I am not sure what that comment was, but I am not making fun of anybody. I am stating a fact about two pieces of aboriginal legislation before the House.
The other bill before the House that has the same balkanization trend is the First Nations Land Act. Once again, it is national legislation from a national government that will deal with 14 bands only.
What do we do the next time there are 12 or 14 bands that want something different? We have over 600 bands in the country. Are we going to have 35 pieces of legislation to deal with all of them? This is a very worrisome trend.
We have had a whole set of negotiations in this country dealing with an attempt to get rid of interprovincial trade barriers. In my view this BST bill is actually contributing to interprovincial trade barriers. It is adding to the cost of businesses in Nova Scotia, New Brunswick and Newfoundland in doing business with other provinces. Why we would want to go in this direction is absolutely beyond me. There is only one overriding reason, and we know what it is. The government got in trouble, it got hung on its own statements and in order to extricate itself it entered into this special agreement. Why else did the government have to come up with $1 billion to encourage people in those three provinces to participate?
The three provinces which are the net contributors to equalization in the country are B.C., Alberta and Ontario. Those three provinces do not want to have anything to do with this proposal. That is interesting.

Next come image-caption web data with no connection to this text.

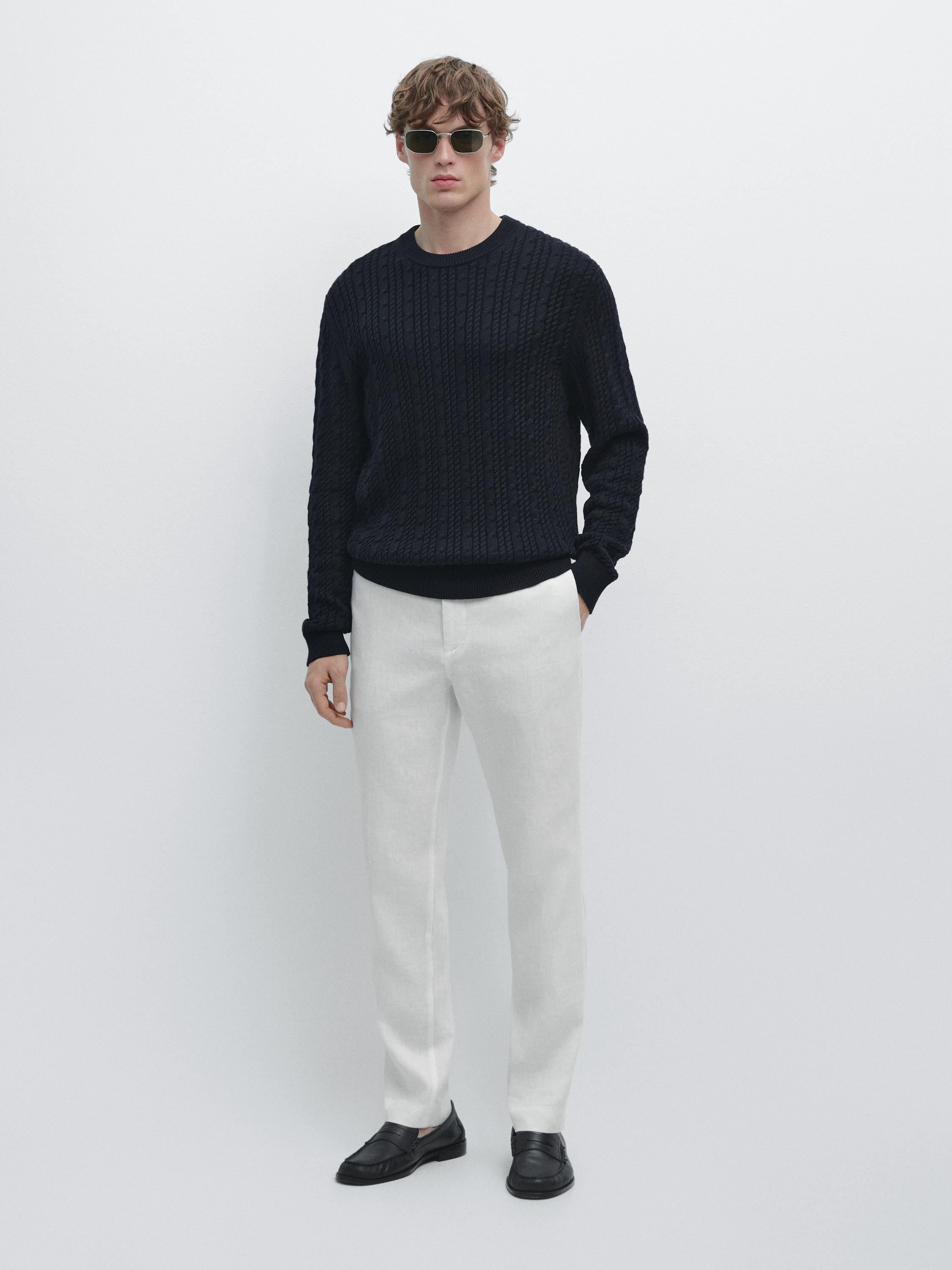 White tapered fit pants set with side pockets and a black cable-knit sweater.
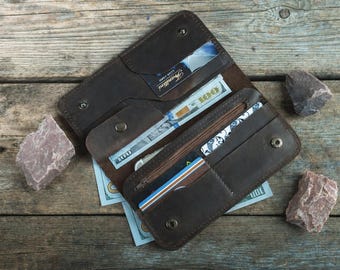 Puede incluir: Cartera de cuero marrón abierta con múltiples compartimentos, incluyendo ranuras para tarjetas y un bolsillo con cremallera. La cartera contiene efectivo y tarjetas de crédito. La cartera se muestra abierta sobre una superficie de madera, con rocas decorativas.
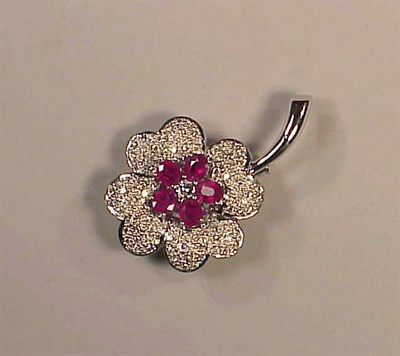 Lot 284 - Ruby and Diamond Flower Pin 18 kt. white gold,...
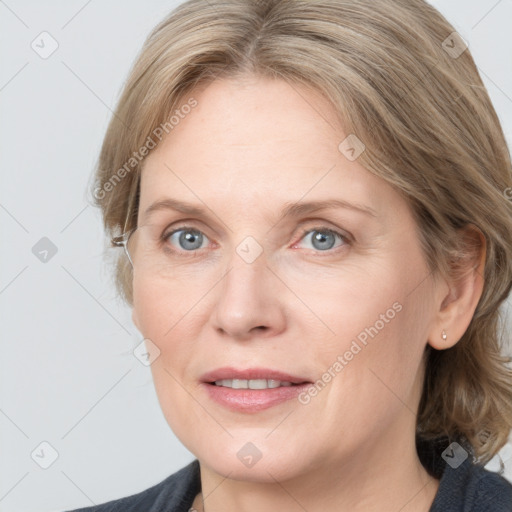 Joyful white adult female with medium  brown hair and blue eyes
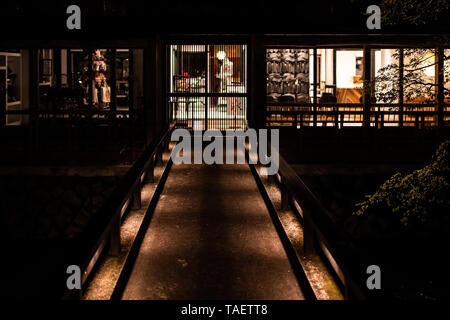 Kyoto, Giappone - Aprile 9, 2019: ponte illuminato al ristorante store shop dal fiume canal in Gion a notte con nessuno Foto Stock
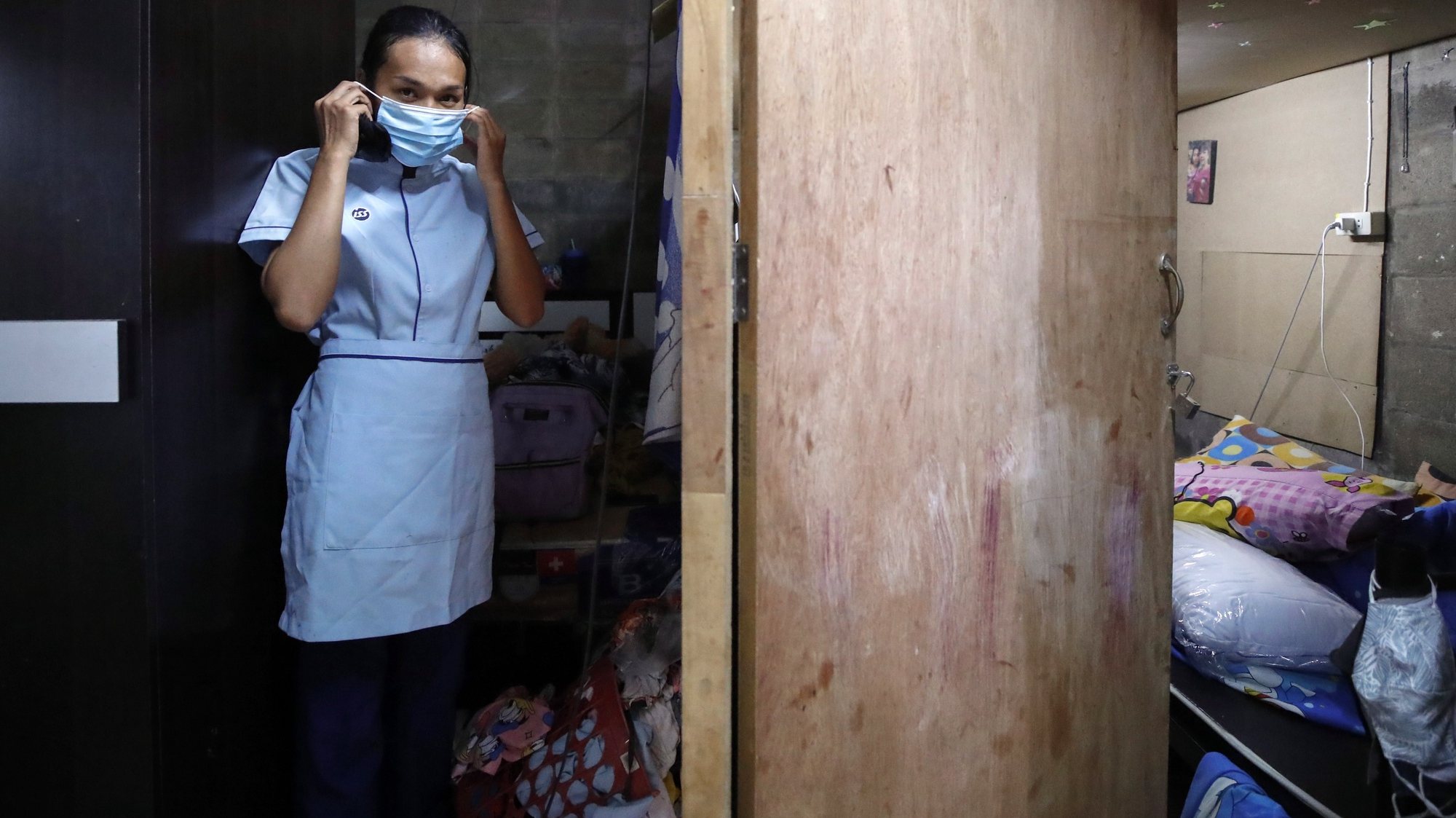 epa08495230 Wannisa Manatham puts on her protective mask at her home before leaving for work in Bangkok, Thailand, 23 May 2020 (issued 19 June 2020). In a neighborhood affected by crime and drug addiction, Wannisa faces economic drowning by Covid-19. Along with her uncle, Wannisa, who works as a cleaner in a hospital earning about 12,000 baht a month (about 376 dollars), is the only adult out of four in her family who have not lost their job to the pandemic. (about 376 US dollars). The pandemic has killed more men but it is women who are the most vulnerable to its socio-economic effects. Women often have to care for children, elderly and sick during lockdown. Many have not only lost their jobs but have been exposed to domestic violence as well as a widening in the gap of systematic inequality, especially in the poorest countries. UN Women warns in a report on the effects of Covid-19 that women do an average of 4.1 hours a day unpaid work such as housework or caring for dependents, three times as much as men. All the unpaid care carried out by women is equivalent to 2.35 percent of the global GDP or 1.35 trillion US dollars. In addition to occupying 70 percent of jobs in the health sector worldwide, women generally earn an average of 16 percent less than men, which rises to 35 percent in some countries.  EPA/DIEGO AZUBEL To go with EFE story by Gaspar Ruiz ATTENTION: This Image is part of a PHOTO SET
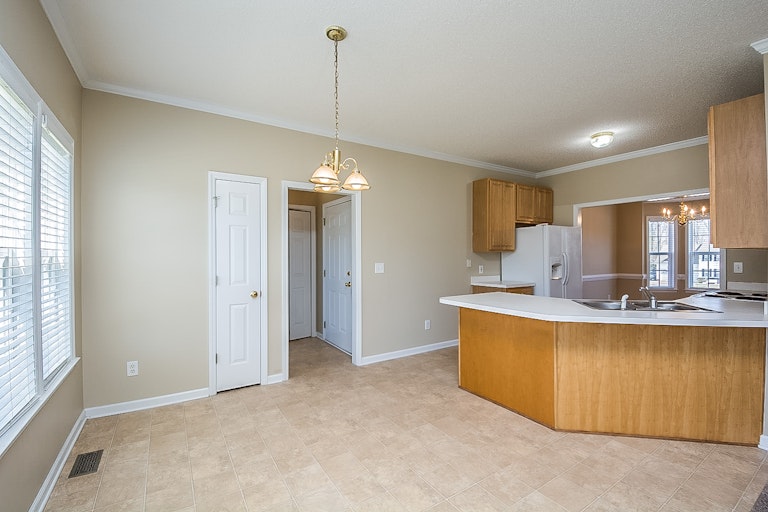 Photo 4 of 23 - 1208 Sunswept Cir, Raleigh, NC 27603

The minister of finance for the province of Ontario has said that this way of arranging things would cost the province $3 billion in extra taxes. It is comforting to see that there is someone who cannot be bought.
There is a circumstance in the bill which would force federally regulated industries like the airlines and the banks to bury GST in their pricing across the country. I find that most interesting with the current transparency of taxation.
I have relatives who live in the United States. They have looked at ticketing from the United States through Canadian airspace to Canadian destinations. Travel agents in the U.S. are absolutely horrified at the level of taxation in Canadian air travel as compared to U.S. air travel. At least they know it is taxation which is creating the pricing. With this kind of provision no one will know. Is that not wonderful for the government's agenda of out of sight, out of mind?
There is another parallel. If they cannot blend it, then maybe they can obfuscate it. We can always see in the actions of this government where it is trying to maintain federal leverage but it wants to obfuscate how it achieves the leverage because it wants to do it at minimum cost. We have seen that in the blending of the transfers to the provinces for health, education and welfare during the term of this government. They were rolled into one transfer. It is much harder to delineate what is going where. Then the $18 billion transfer was reduced by $7 billion, but it cannot be tracked because it has a new name and it is blended. That is quite a parallel.
We have the Prime Minister, the Deputy Prime Minister, the Minister of Finance and scores of Liberal cabinet and caucus members who all made election pledges to eliminate and not blend the GST. We have a Deputy Prime Minister who said on this issue: "A promise made by a politician seeking election is not really a promise". Is that not wonderful?